Aim of the exercise: Copy the listing exactly; drop the pictures.

Dataset excerpt:
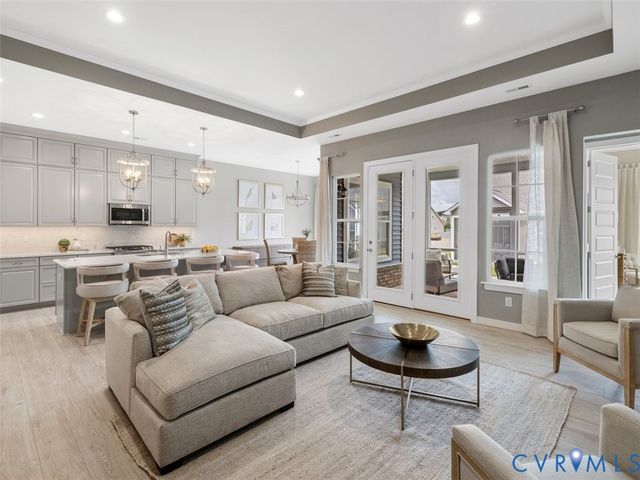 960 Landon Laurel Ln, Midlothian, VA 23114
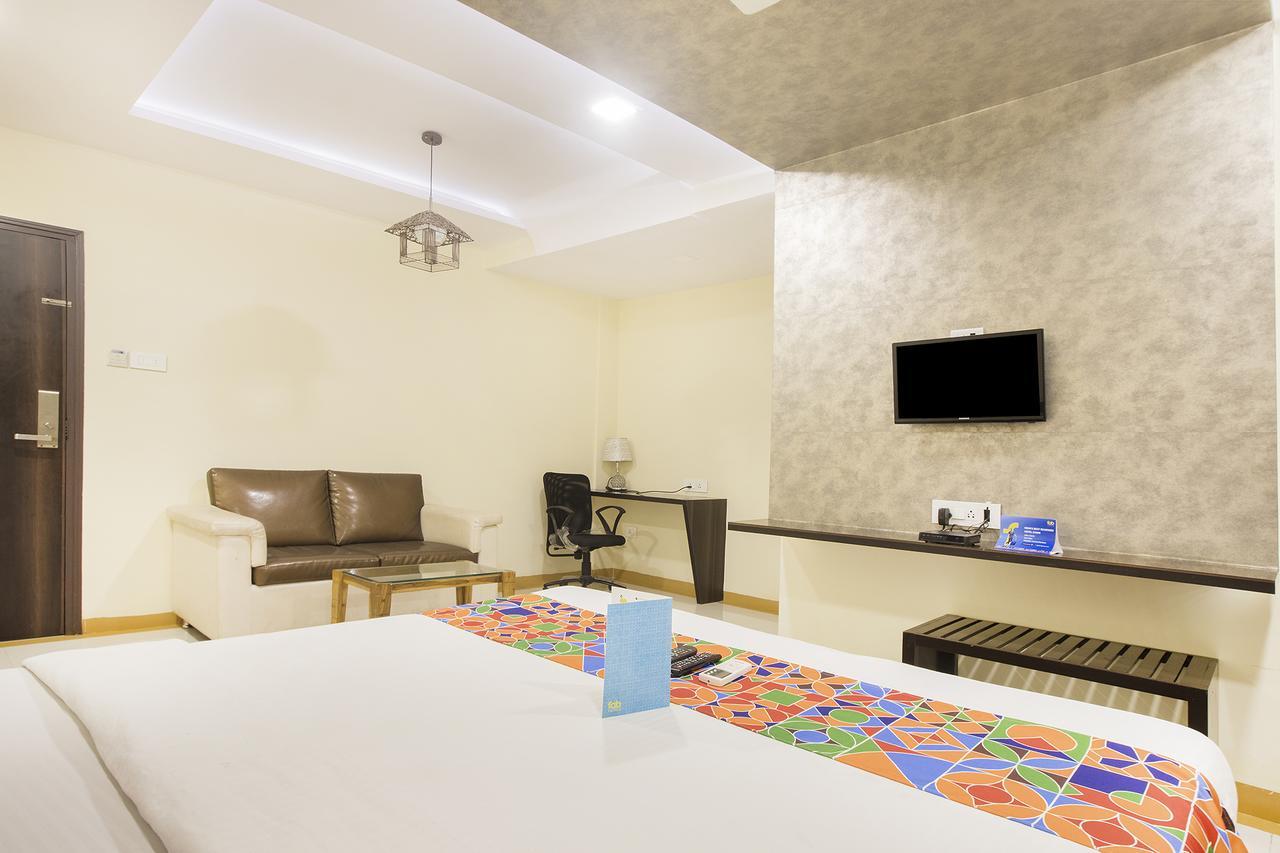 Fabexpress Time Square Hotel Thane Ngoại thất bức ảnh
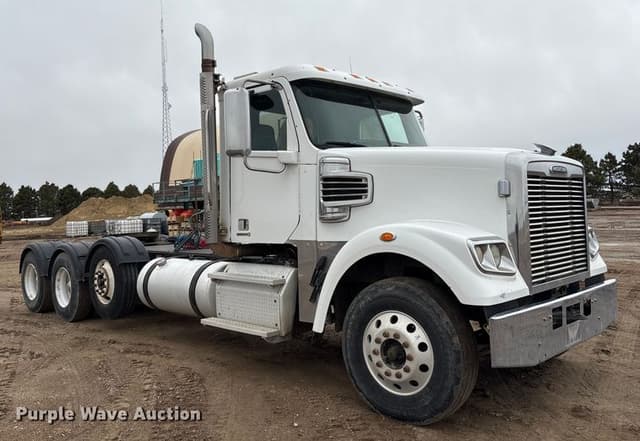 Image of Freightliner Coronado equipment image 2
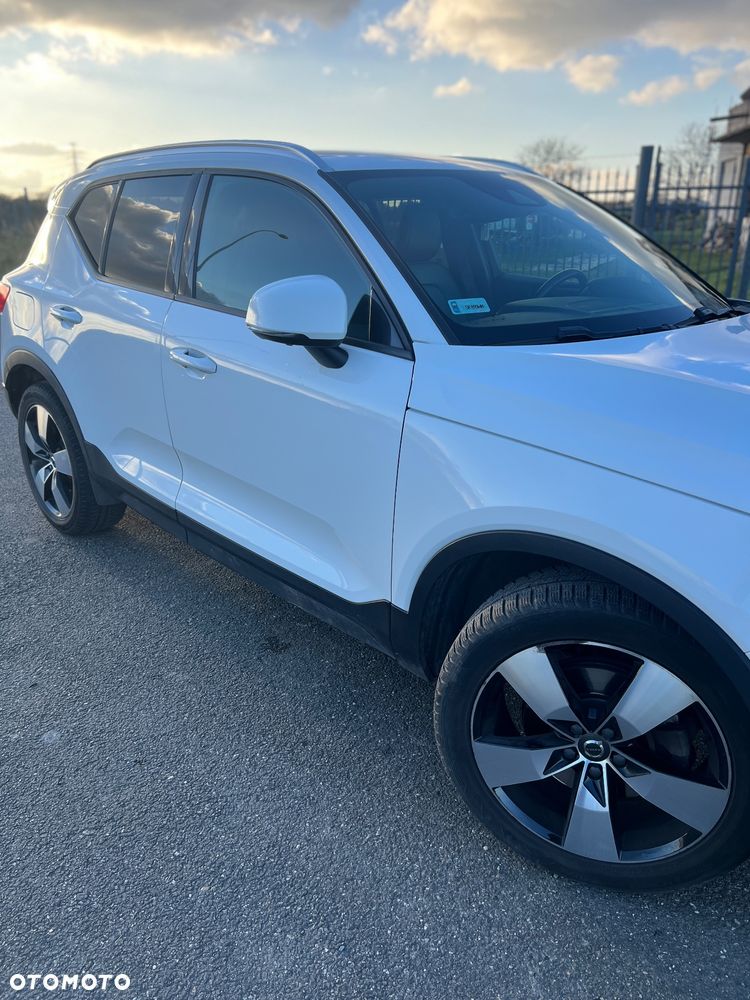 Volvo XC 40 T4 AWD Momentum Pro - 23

Answer area:
 960 Landon Laurel Ln, Midlothian, VA 23114
 Fabexpress Time Square Hotel Thane Ngoại thất bức ảnh
 Image of Freightliner Coronado equipment image 2
 Volvo XC 40 T4 AWD Momentum Pro - 23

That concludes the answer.